BS Economy Bureau in New Delhi

The task force on direct taxes, headed by Vijay Kelkar, adviser to finance minister Jaswant Singh, is likely to recommend lowering of income tax rates, abolishing dividend tax, rationalisation of minimum alternate tax and phasing out of exemptions.

According to finance ministry sources, the task force would introduce certain measures to ensure that abolition of dividend tax and MAT rationalisation would be revenue neutral. Phasing out exemptions would, however, yield substantial tax receipts to the government.

While the income tax rates of 10, 20 and 30 per cent may not be tinkered with, the slabs may be raised. At present, annual income in the Rs 50,000- 60,000 band attracts 10 per cent tax, in the Rs 60,001-1,50,000 band 20 per cent and over Rs 1,50,000 a tax rate of 30 per cent.

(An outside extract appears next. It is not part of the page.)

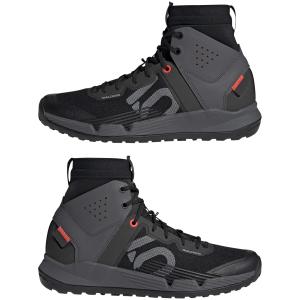 product/a/d/adidas_if4944_12_footwear_photography_mirrored_pair_view_white-nw091625.jpg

Sources said the threshold levels at which the 10, 20 and 30 per cent tax rates would be imposed are likely to be raised. The Parthasarthi Shome advisory group on tax policy and tax administration had also made a similar recommendation.

With the committee set to emphasise on removal of exemptions, sources said it is likely that the MAT rate too might be rationalised. At present, companies with zero tax liability pay MAT at the rate of 7.5 per cent. If most of the exemptions are done away with, there is a case for reducing MAT, they said.

The Shome committee had, however, said that MAT should be imposed on a combination of net worth and dividend distributed by the company and not on its book profits. There was scope for fudging the book profit figures and further the present MAT structure was in favour of promoters who paid themselves good dividends but tax at 7.5 per cent to the government.

The 10 per cent (without surcharge) dividend tax at the hands of shareholders has been one of the most controversial issues.

Former Finance Minister Yashwant Sinha in the Budget for 2002-03 had shifted the onus of paying dividend tax to the shareholders from the companies, for which he attracted a lot of flak.

Dividend tax is often seen as a double taxation of the corporates by the government. Industry chambers and companies have year after year lobbied for removal of dividend tax.

However, given the fact it yields substantial revenues of about Rs 10,000 crore (Rs 100 billion) a year to the exchequer, the government had refrained from doing so.

The Kelkar task force would take a stern view on exemptions. Sources said a sunset clause viz, a time period over which the exemptions should be phased out is likely to be suggested by the task force. Exemptions available to charitable institutions, which cost the government over Rs 5,000 crore (Rs 50 billion) a year are likely to be knocked off.